La mélodie de l’impunité
Par Michel Lobé Etamé
Il y a des mots qui sifflent à nos oreilles. Ils deviennent si familiers que nous finissons par leur accorder très peu de crédit. L’impunité en est un parfait exemple. En Afrique francophone, les systèmes politiques devraient combattre sans ménagement des comportements qui transgressent les droits élémentaires du citoyen. Quand ce n’est pas le cas, nous vivons dans un système où le « deux poids, deux mesures » s’érige en règle absolue.
Ces pays sont fatalement condamnés à devenir des dictatures pour couvrir des femmes et des hommes qui ne s’embarrassent plus de voler l’argent public. Nous les surnommons les voleurs en col blanc. Et les femmes alors ?
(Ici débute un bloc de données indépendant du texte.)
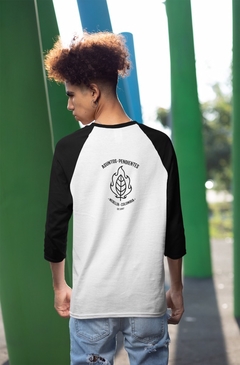 Camiseta “Asuntos Pendientes” Ranglan - comprar online
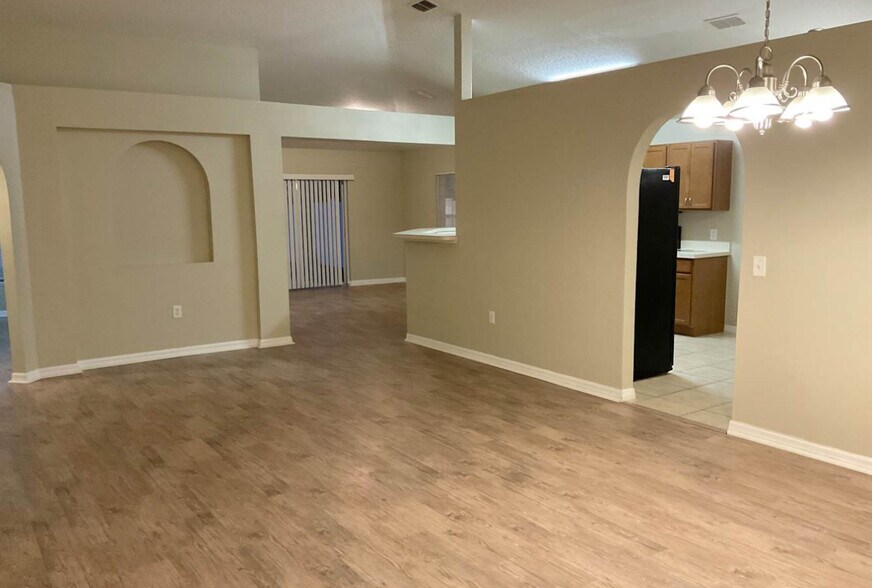 Building Photo - 9737 S 53rd Ave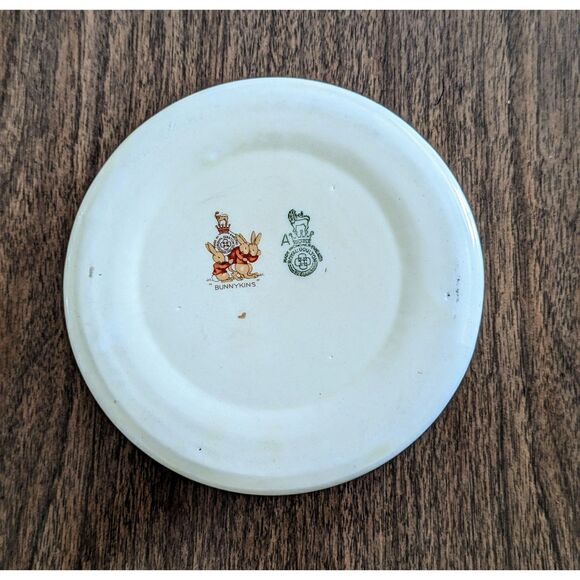 Bunnykins Heavy Porridge Bowl, Greetings Design by Barbara Vernon - Picture 7 of 10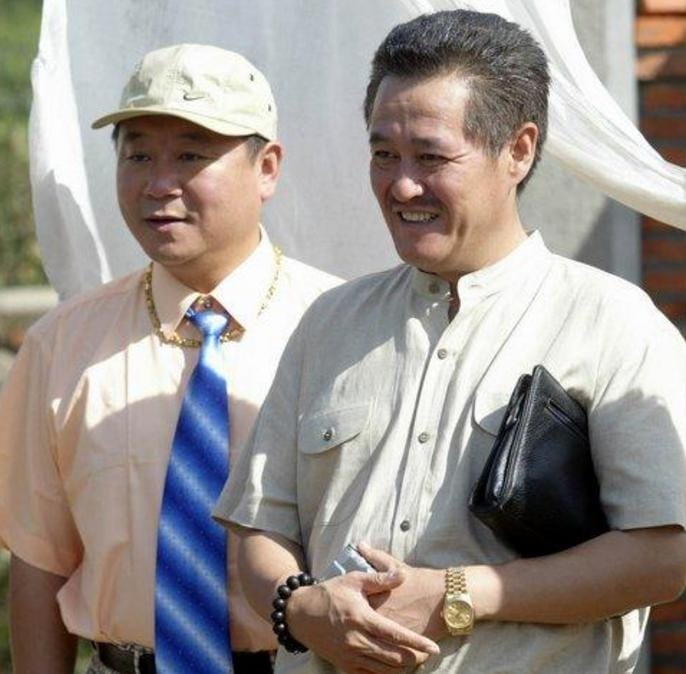 为什么说于震宇毁了赵本山?于震宇是赵本山 为什么说于震宇毁了赵本山?于震宇是赵本山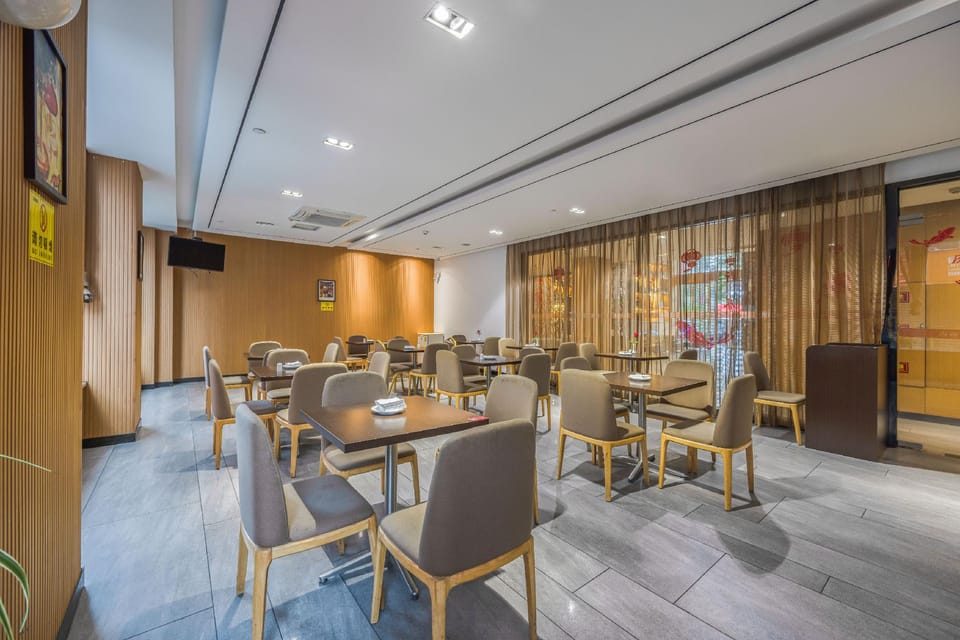 Homeinn Hotel (Ningbo Railway Station Lianfeng Middle Road) Hotel in Zhejiang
Le vol des deniers publics est un crime. Il pénalise les projets qui doivent apporter un souffle salvateur au développement et aux populations. Les criminels qui le pratiquent doivent être traduits en justice. Ce n’est pas le cas dans les autocraties où ces actes sont couverts par un groupe d’individus au sommet de l’état.
Dans ce cas, les femmes et les hommes au pouvoir s’accrochent à un exercice qui rend tout changement politique impossible. Ces derniers ne peuvent tolérer des élections libres. Tout changement de régime est fatal à cette clique de prédateurs. La peur est leur hantise quotidienne. Ils savent qu’ils seront jugés et condamnés. Ils redoutent la justice, la vraie.
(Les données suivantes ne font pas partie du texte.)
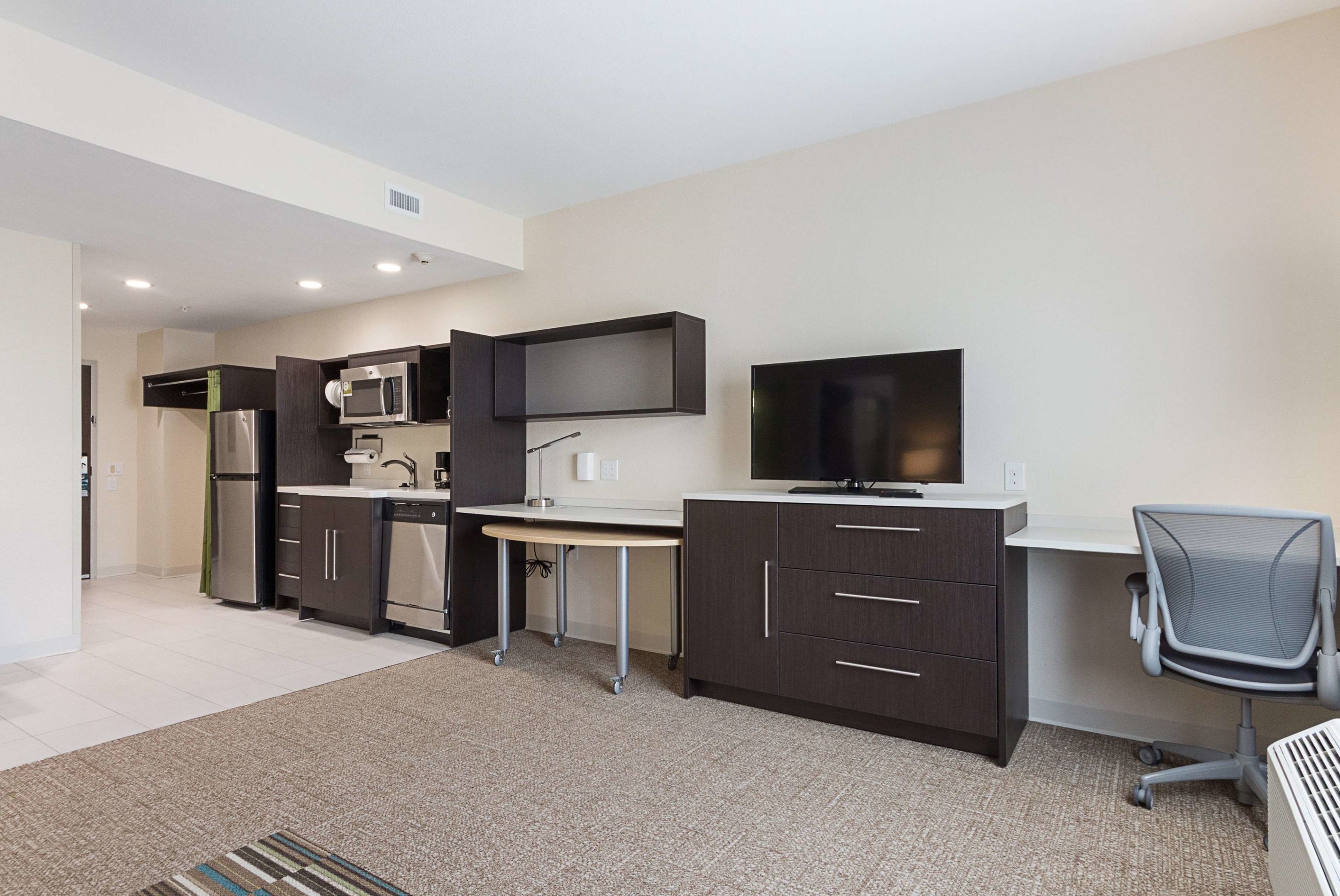 home2 suites by hilton dallas grand prairie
L’Afrique n’est pas le seul continent à combattre et à étouffer le mensonge. Mais ici, il atteint des proportions inquiétantes. Le mensonge ou plus prosaïquement la sauvagerie du pouvoir est de plus en plus confrontée à une jeunesse éveillée et résiliente. Le pouvoir en a de plus en plus peur. C’est pourquoi ce système aveugle, égoïste et sans âme favorise l’exode des jeunes vers la Méditerranée ou la mort est d’avance programmée.
Il faut bien le dire. Les jeunes africains qui traversent le désert et la Libye savent que la vie est sans espérance. Mais ils sont aussi convaincus que la vie est devenue un enfer chez eux et qu’aucun changement n’est possible. Mourir dans la Méditerranée ou chez soit n’a donc aucune importance. Ils sont fatalement condamnés.
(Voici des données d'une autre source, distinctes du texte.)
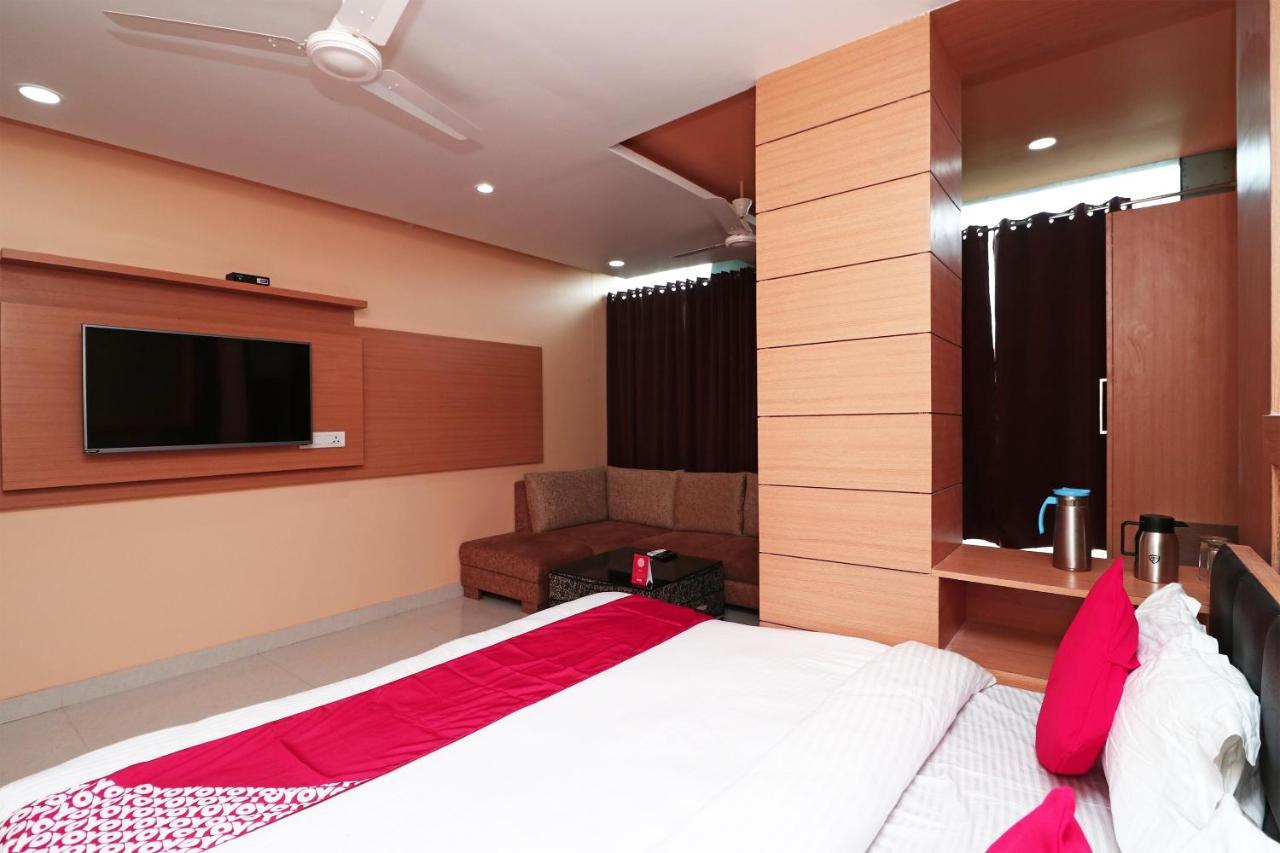 Capital O Hotel Sapphire Inn Gorakhpur Exteriör bild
Les naufragés de la méditerranée se comptent par milliers. Ils viennent s’ajouter aux naufragés de la Manche qui ont défrayé la chronique la semaine dernière. L’instabilité et l’avenir incertain poussent les femmes et les hommes à tout tenter. En Libye, la traite des noirs bat son plein. Ils se vendent à la criée. L’ONU, l’Union Africaine, l’Europe et le reste du monde ne peuvent ignorer les drames quotidiens qui alimentent les journaux et les réseaux sociaux. La banalisation de la mort fait partie de notre quotidien.
L’hypocrisie sélective qui s’observe en Occident est la seule réponse à un drame qui va se poursuivre. Un drame qui rentre dans les mœurs et qui n’émeut plus personne. Ces drames vont alimenter les journaux. Puis viendra l’accalmie. Et on passera à autre chose.
Les pouvoirs politiques en Afrique noire se terrent dans le silence face au fracas strident que les médias affichent. Ils sont indifférents au sort de leurs enfants qui crèvent pour fuir une misère systémique qui entache la réputation de tout le continent. Ces pouvoirs politiques en place, toute honte bue, s’accrochent, avec la complicité de leurs maîtres occidentaux, à leur fauteuil.
Face à ces drames quotidiens auxquels s’ajoutent les victimes innocentes des guerres larvées, le silence reste la seule réponse de nos dirigeants. Un silence qui siffle à nos oreilles comme une mélodie de l’impunité.